→ **Task item**
Return an exact copy of the lines from the one holding "MS license plate LFR898" to the end of the data, including both the starting and final lines. Leave the pictures out.

*** Data ***

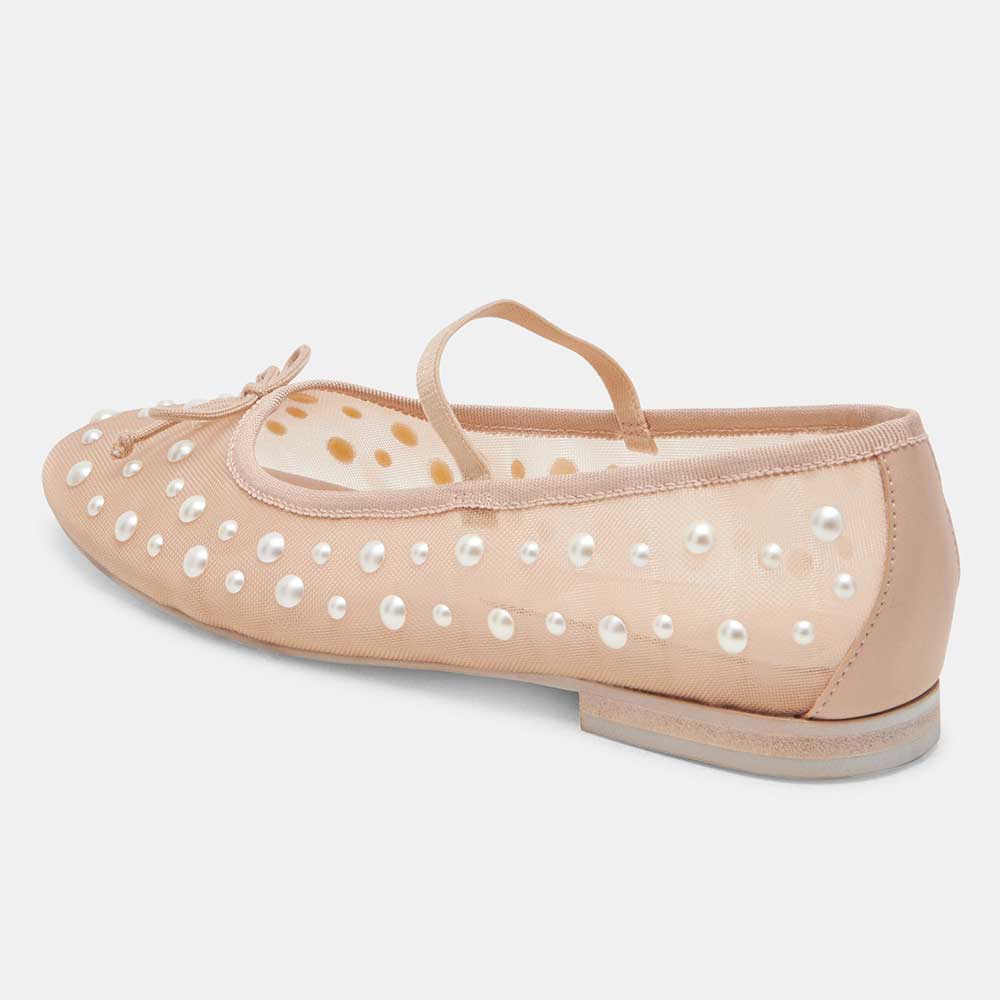 Nude Round Toe Bow Decor Mesh Flats with Pearl Embellished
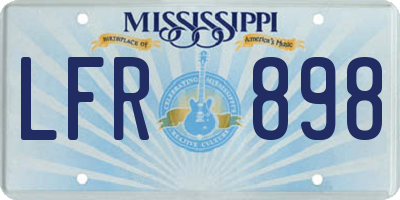 MS license plate LFR898
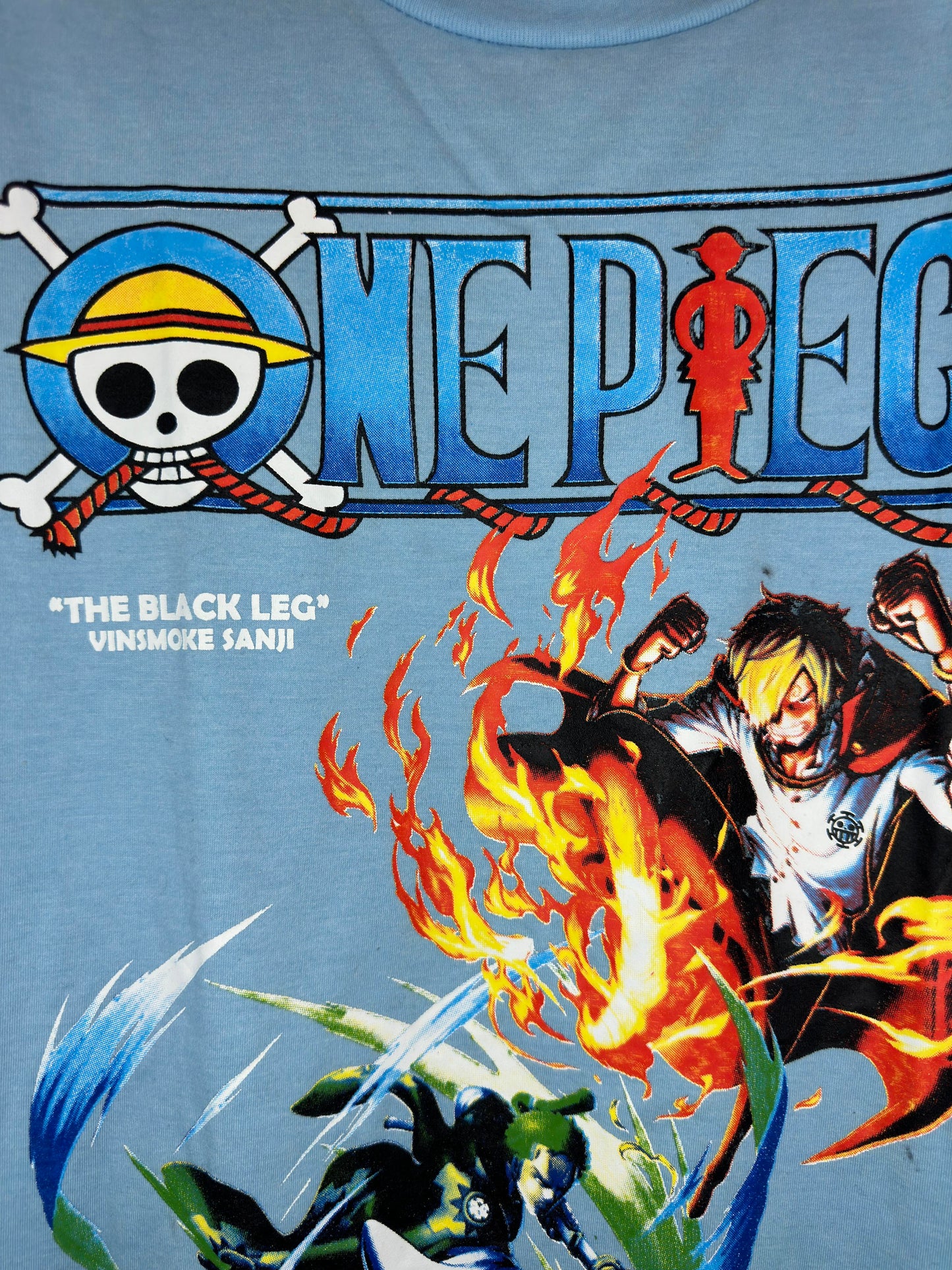 MODERN x One Piece x Zoro & Sanji Light Blue Graphic Tee - L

*** End of Data ***

→ **Answer section**
 MS license plate LFR898
 MODERN x One Piece x Zoro & Sanji Light Blue Graphic Tee - L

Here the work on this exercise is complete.